## YOUR TASK
Every line from the start of the records through the line with "全くなつかない猫達を飼っているのですが この猫達を病院に連れて Yahoo 知恵袋" is to be written out exactly; pictures are not.

Collected data entries:
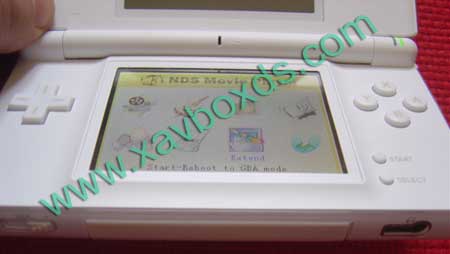 ds lite blanche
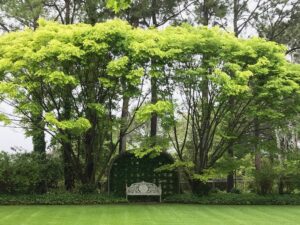 White garden bench beneath a golden elm on the lawn at Glenrock Gardens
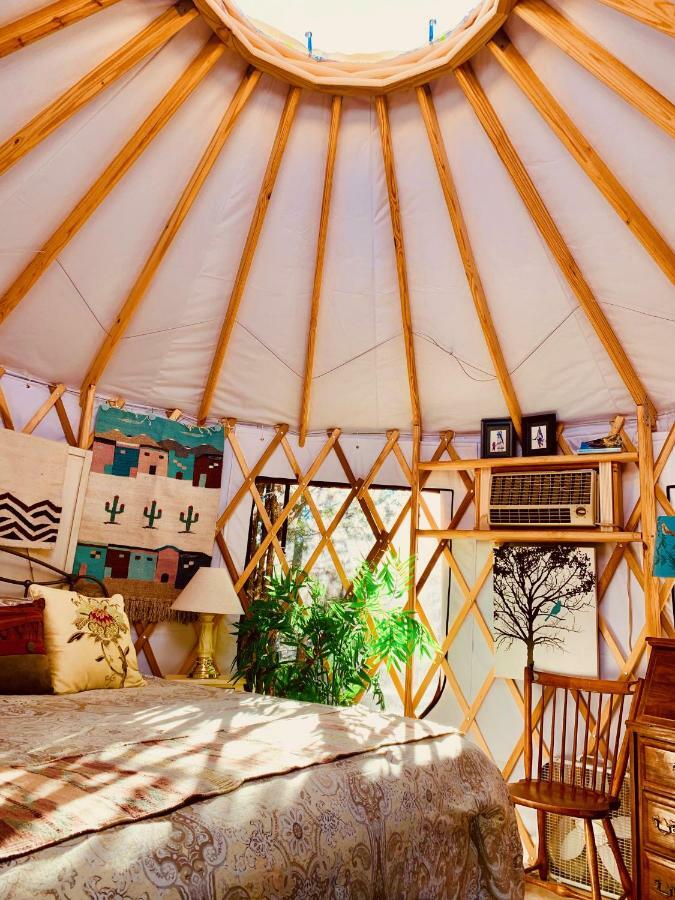 The Yoga Yurta At Sunny Mellow Eco Tijeras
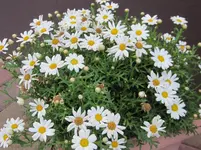 allgemein 054.webp
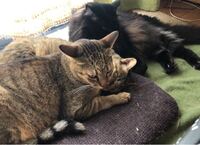 全くなつかない猫達を飼っているのですが この猫達を病院に連れて Yahoo 知恵袋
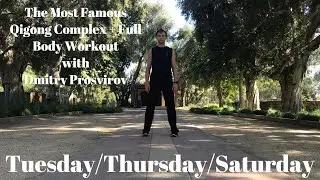 Sample of Online Bodyweight Workout (The Most Famous Qigong Complex + Full Body Workout) #66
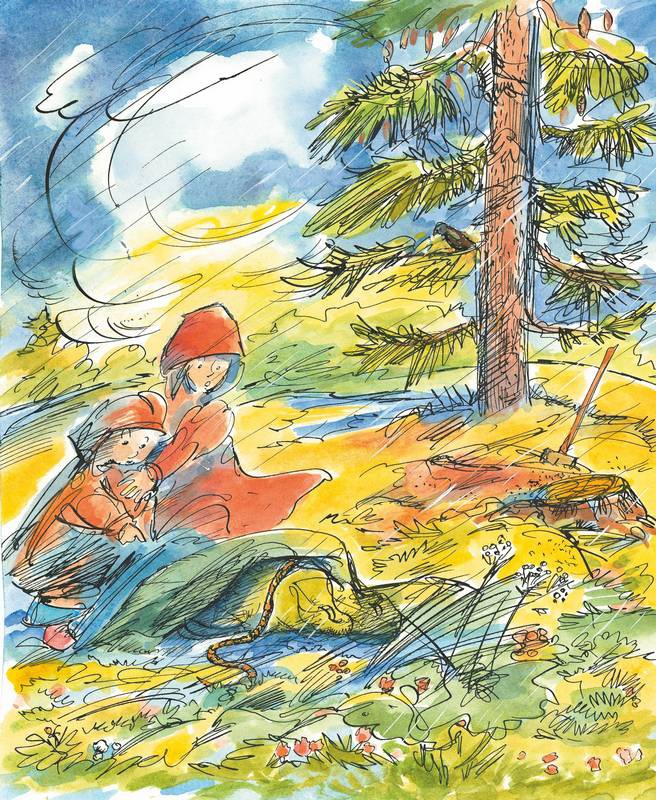 Иллюстрация к книге — Маленький подарок Антона [i_143.jpg]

## EXERCISE SOLUTION
 ds lite blanche
 White garden bench beneath a golden elm on the lawn at Glenrock Gardens
 The Yoga Yurta At Sunny Mellow Eco Tijeras
 allgemein 054.webp
 全くなつかない猫達を飼っているのですが この猫達を病院に連れて Yahoo 知恵袋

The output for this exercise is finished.